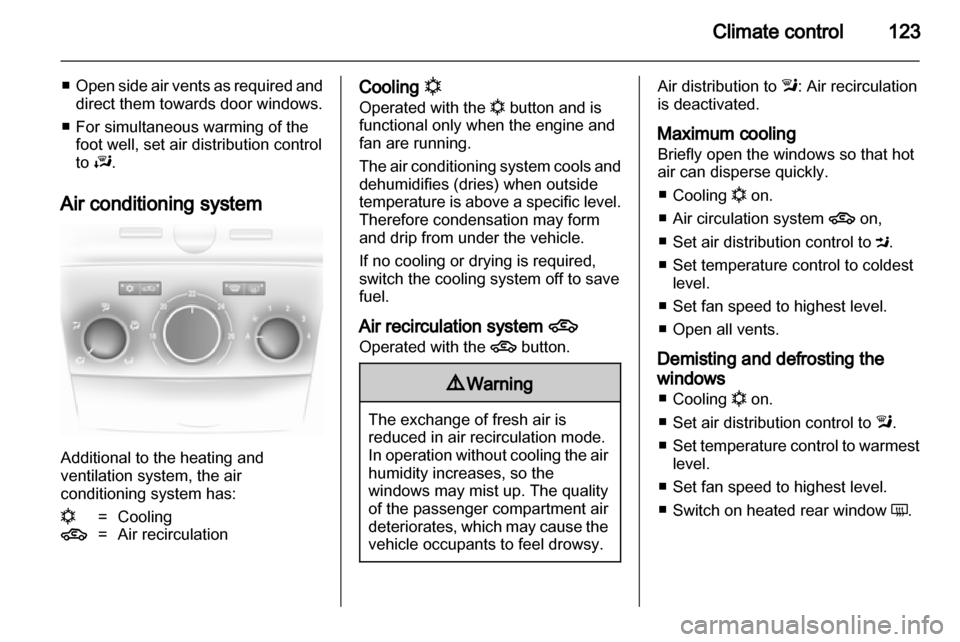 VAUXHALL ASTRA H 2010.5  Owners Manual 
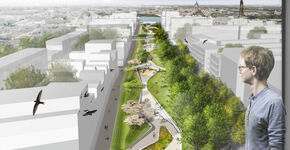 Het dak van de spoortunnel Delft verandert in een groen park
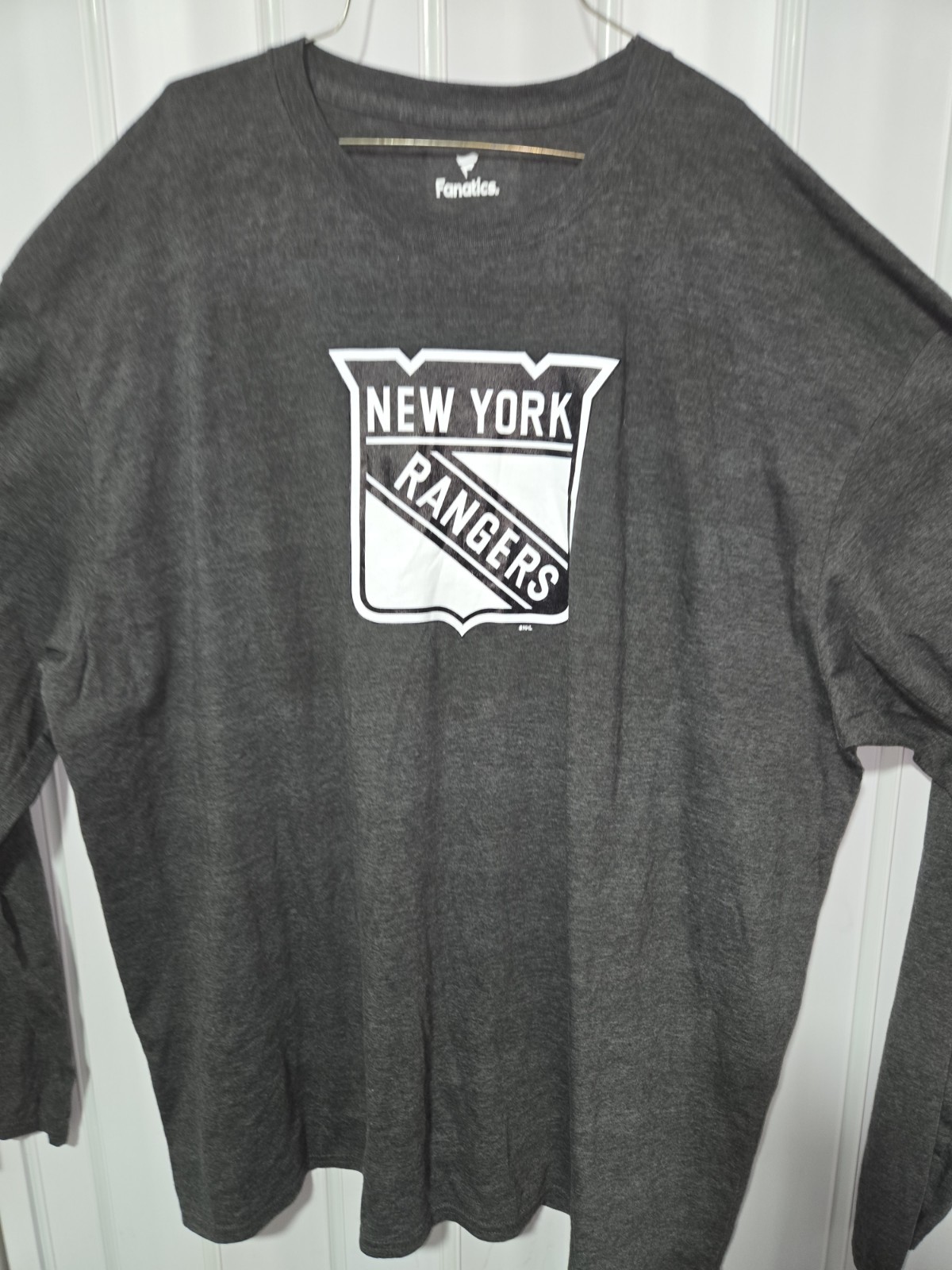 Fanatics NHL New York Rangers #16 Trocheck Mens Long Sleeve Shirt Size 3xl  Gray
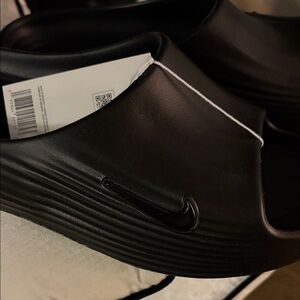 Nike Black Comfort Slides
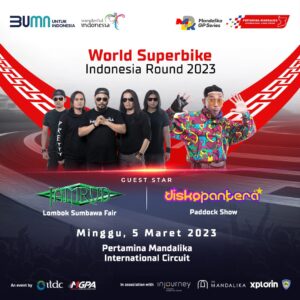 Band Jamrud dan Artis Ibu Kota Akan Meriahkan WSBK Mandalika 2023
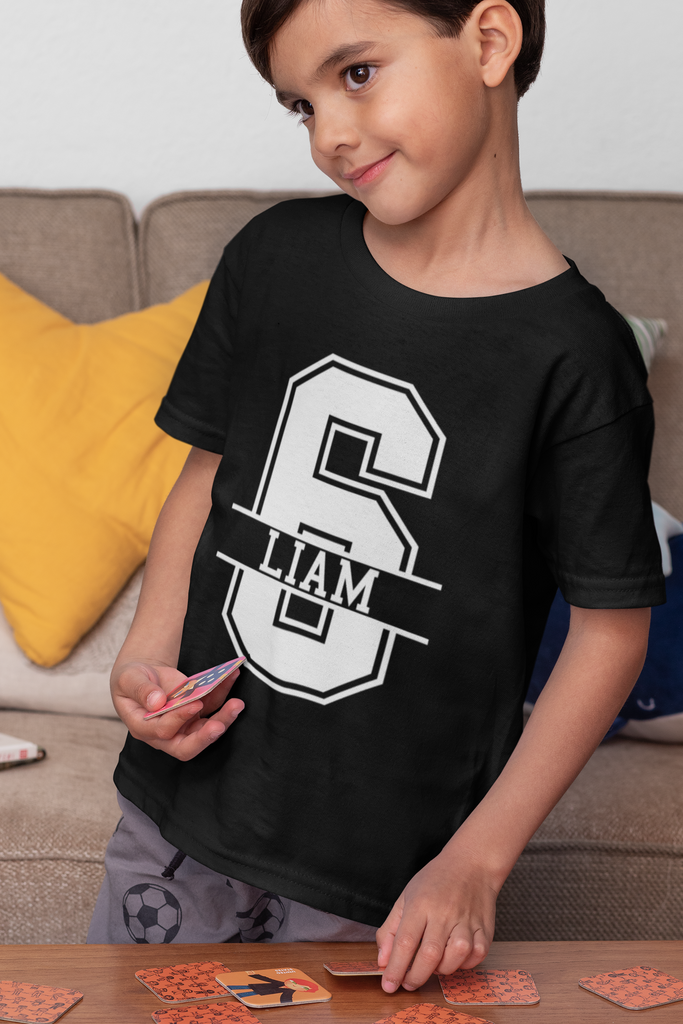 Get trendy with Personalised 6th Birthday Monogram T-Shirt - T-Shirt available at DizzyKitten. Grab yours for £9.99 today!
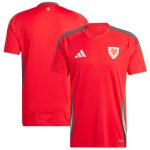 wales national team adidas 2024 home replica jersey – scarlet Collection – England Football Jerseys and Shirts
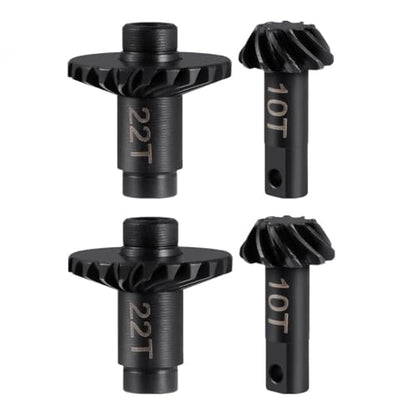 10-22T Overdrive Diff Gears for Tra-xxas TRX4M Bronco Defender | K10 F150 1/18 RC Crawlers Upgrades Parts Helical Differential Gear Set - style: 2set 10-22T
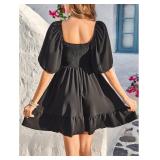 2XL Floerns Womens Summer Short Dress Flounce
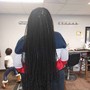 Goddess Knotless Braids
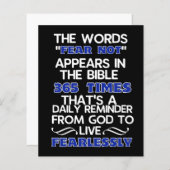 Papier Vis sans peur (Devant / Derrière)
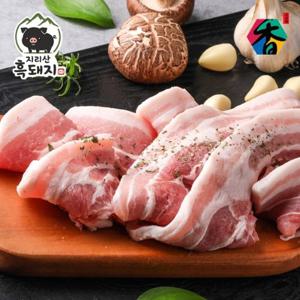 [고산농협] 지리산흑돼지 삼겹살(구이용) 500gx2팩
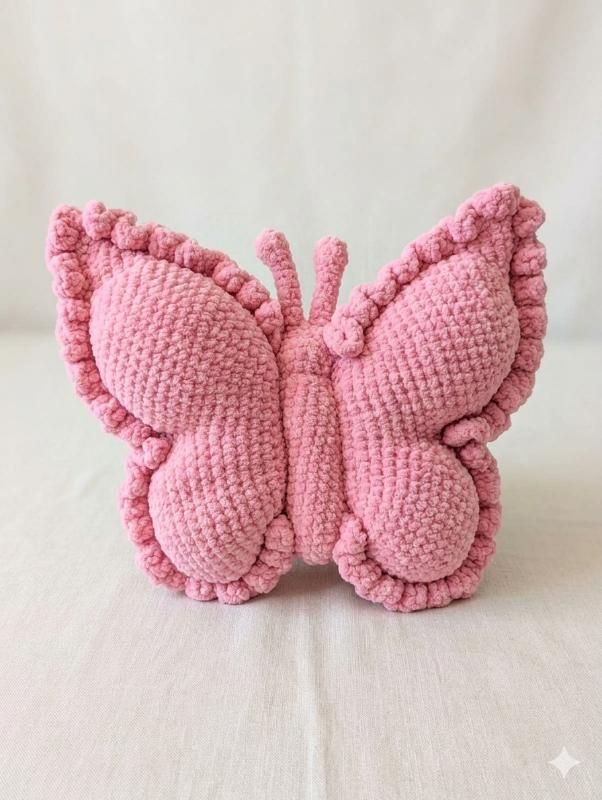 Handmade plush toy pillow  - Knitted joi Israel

...

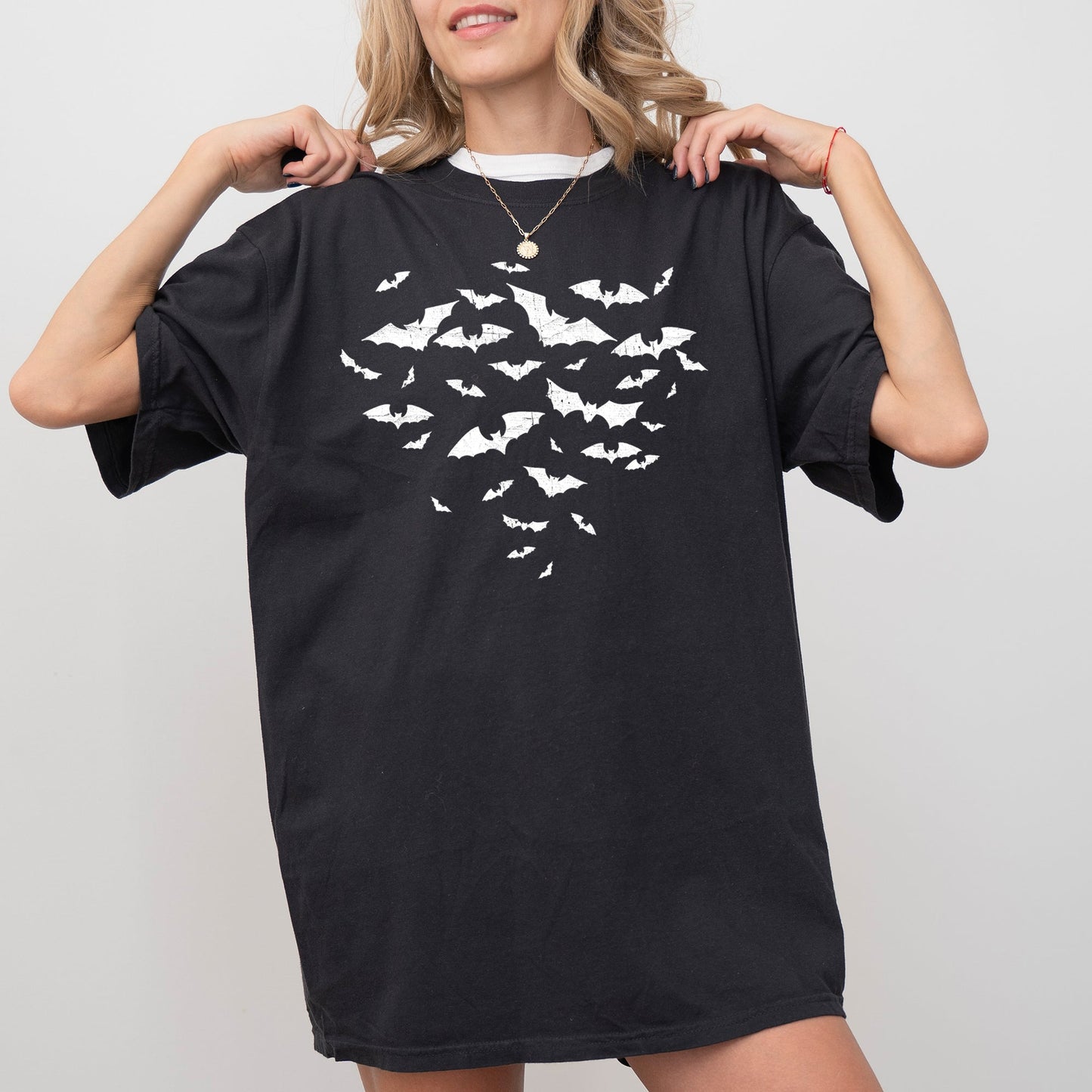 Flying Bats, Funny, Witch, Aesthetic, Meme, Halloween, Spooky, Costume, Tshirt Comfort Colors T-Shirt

Work request:
Beginning at the line above that contains "10-22T Overdrive Diff", repeat each line exactly through the one that contains "Handmade plush toy", and leave out the pictures.

Expected answer:
 10-22T Overdrive Diff Gears for Tra-xxas TRX4M Bronco Defender | K10 F150 1/18 RC Crawlers Upgrades Parts Helical Differential Gear Set - style: 2set 10-22T
 2XL Floerns Womens Summer Short Dress Flounce
 Goddess Knotless Braids
 Papier Vis sans peur (Devant / Derrière)
 [고산농협] 지리산흑돼지 삼겹살(구이용) 500gx2팩
 Handmade plush toy pillow  - Knitted joi Israel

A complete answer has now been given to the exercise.